LISTED ENTRIES:

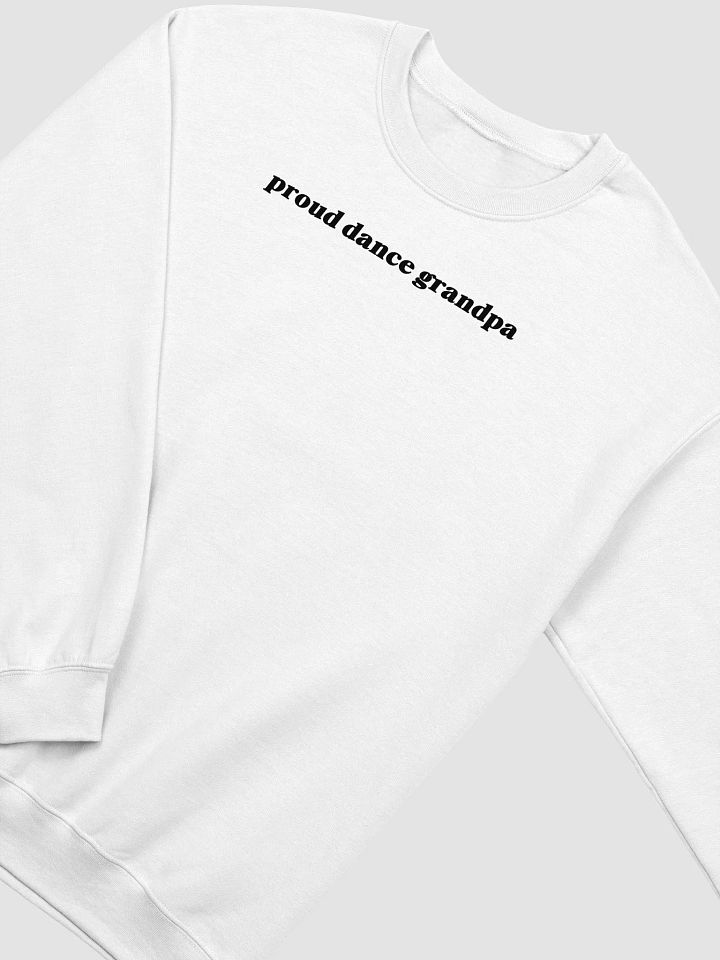 Crewneck Sweater | Proud Dance Grandpa | Multiple Colour Options with Black Text product image (14)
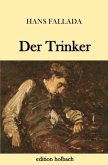 Der Trinker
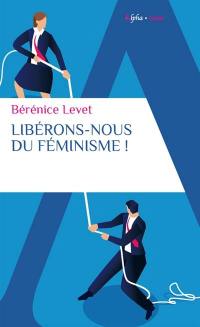 Libérons-nous du féminisme ! : nation française, galante et libertine, ne te renie pas !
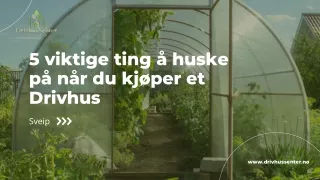 5 Kritiske Tips for Kjøp Av Drivhus for Planter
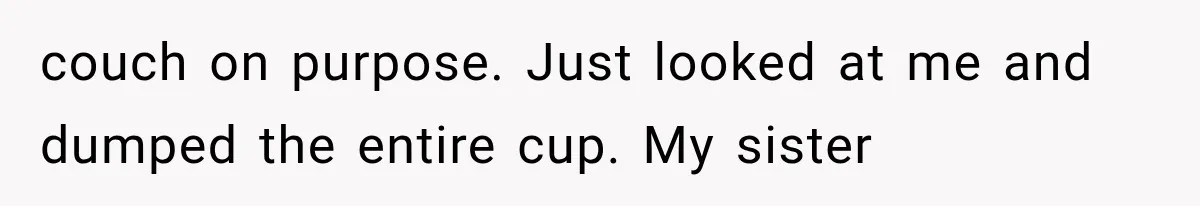 couch on purpose. Just looked at me and dumped the entire cup. My sister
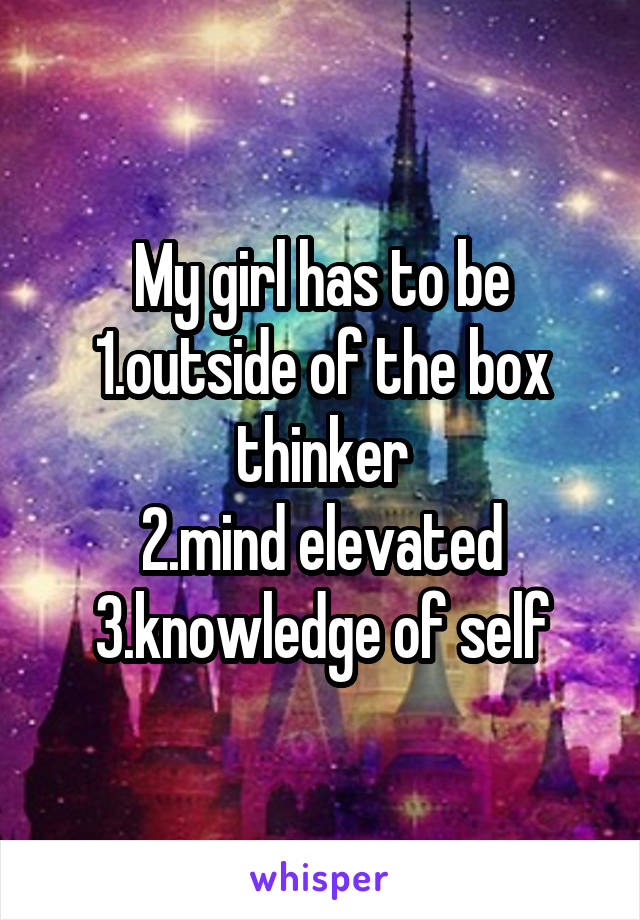 My girl has to be
1.outside of the box thinker
2.mind elevated
3.knowledge of self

WHAT NEEDS TO BE DONE: Only the pictures are to be left out; write out all the other data exactly.

ANSWER AREA:
 Crewneck Sweater | Proud Dance Grandpa | Multiple Colour Options with Black Text product image (14)
 Der Trinker
 Libérons-nous du féminisme ! : nation française, galante et libertine, ne te renie pas !
 5 Kritiske Tips for Kjøp Av Drivhus for Planter
 couch on purpose. Just looked at me and dumped the entire cup. My sister
 My girl has to be
1.outside of the box thinker
2.mind elevated
3.knowledge of self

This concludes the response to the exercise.